En su libro Cuentos Completos hay uno que se llama La Canilla de Don Quijote, donde usted se refiere a una frase muy manida.
El primer elemento es la fama de "creídos" de los talquinos. Luego, el que en los primeros años de Ferrocarril, por alguna de esas cosas misteriosas, el tren que iba al sur paraba en Talca un rato largo, porque tenía que empalmar con otro. En esta parada, la gente se bajaba del tren y recorría la calle del comercio. Ahí había una sombrerería de un señor francés, quien por darse prestigio puso debajo del nombre de la tienda, "Talca, París y Londres". ¡No era ninguna mentira! Puesto que los sombreros efectivamente se vendían en Talca, París
y Londres.
Aquí tenemos la verdadera historia de la famosa frase: "Talca, París y Londres", y usted inserta esto dentro de un cuento que lleva el nombre de La Canilla de Don Quijote, que uno podría pensar que es un relato perfectamente español y, sin embargo, es bastante más talquino.
Y es que una de las cosas con que se reían de los talquinos es que éstos decían que en la plaza de Talca estaba sepultada la canilla de Don Quijote. "La canilla", cuando debe haber tenido dos, pero en fin, que alli estaba sepultada La Canilla de Don Quijote...
Pero ya es bastante, al menos una canilla...
Y con eso sacaban mucho trote los talquinos, y no son los únicos, porque también cerca de Cataluña, en Reus, quienes también tienen fama de creídos, dicen que allí también está sepultada la canilla de Don Quijote.
En este relato también se refiere a la imposibilidad de la escritura, a pesar del deseo de transmitir, sin embargo, la palabra se queda corta.

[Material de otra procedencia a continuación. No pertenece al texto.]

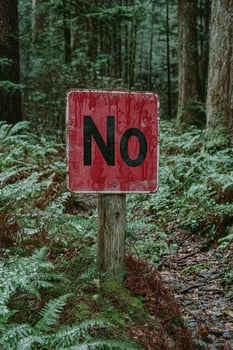 A weathered red sign with the word No in a lush forest setting. photo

Esa es una de las primeras cosas que uno aprende: que la palabra siempre se queda corta. Y es muy frustrante, a veces, cuando uno tiene mucha vehemencia por comunicar algo de una manera muy concreta, muy precisa, y no se puede. Así, por ejemplo, si yo digo "libertad", lo que sale de mí no es lo mismo que ustedes reciben. Cuando uno quiere comunicar, se encuentra con la valla de que las mismas palabras que uno usa para comunicar, están de algún modo traicionándonos.